When he was with Count Basie, Jones wrote many arrangements for the Count but some of them were too “modern” in style. So, with help from drummer Mel Lewis, Thad got together a rehearsal band mainly designed to play his arrangements every Monday. When the band appeared at New York’s Village Vanguard, it was a great success and became a permanent fixture at the club.
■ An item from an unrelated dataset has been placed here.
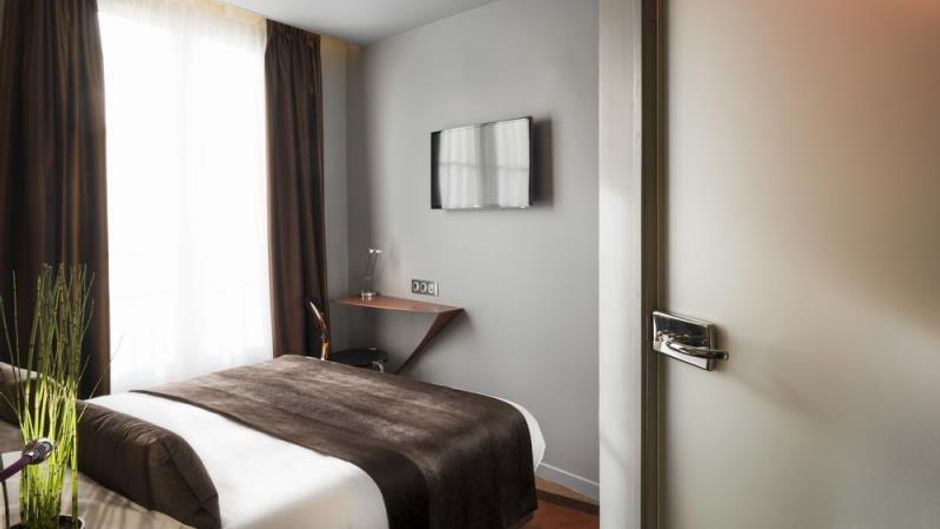 Le Bon Hotel Room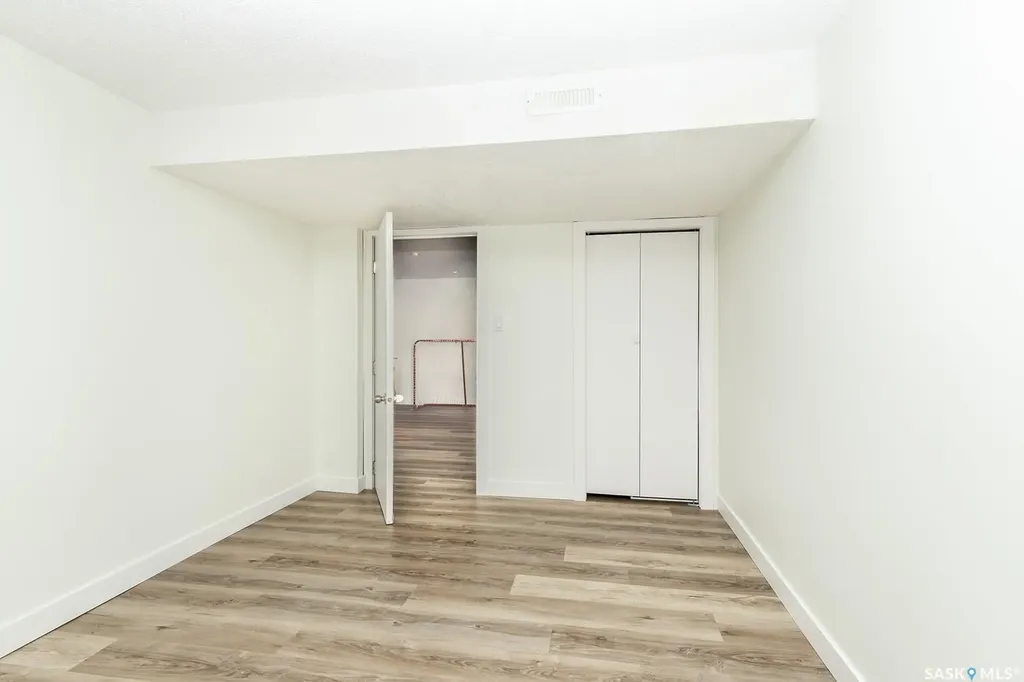 4 Rutter Crescent Saskatoon SK S7H 3B7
The recordings on this double CD were made at the band’s first two public appearances in February and March 1966 at the Village Vanguard. They portray some of New York’s top musicians playing together with great enthusiasm and precision. The first track – Back Bone – is typical of the high energy of the Thad Jones/Mel Lewis Orchestra. It opens with Jerry Dodgion playing unaccompanied. Gradually other musicians join in subtly until an ear-splitting burst of sound breaks the tentative mood. Various solos are then interspersed with ensemble passages. Bob Brookmeyer and Garnett Brown each solo unaccompanied (Brown is particularly impressive) until the orchestra bursts in again. I use words like “burst” because there is no doubt that these 18 musicians pull no punches.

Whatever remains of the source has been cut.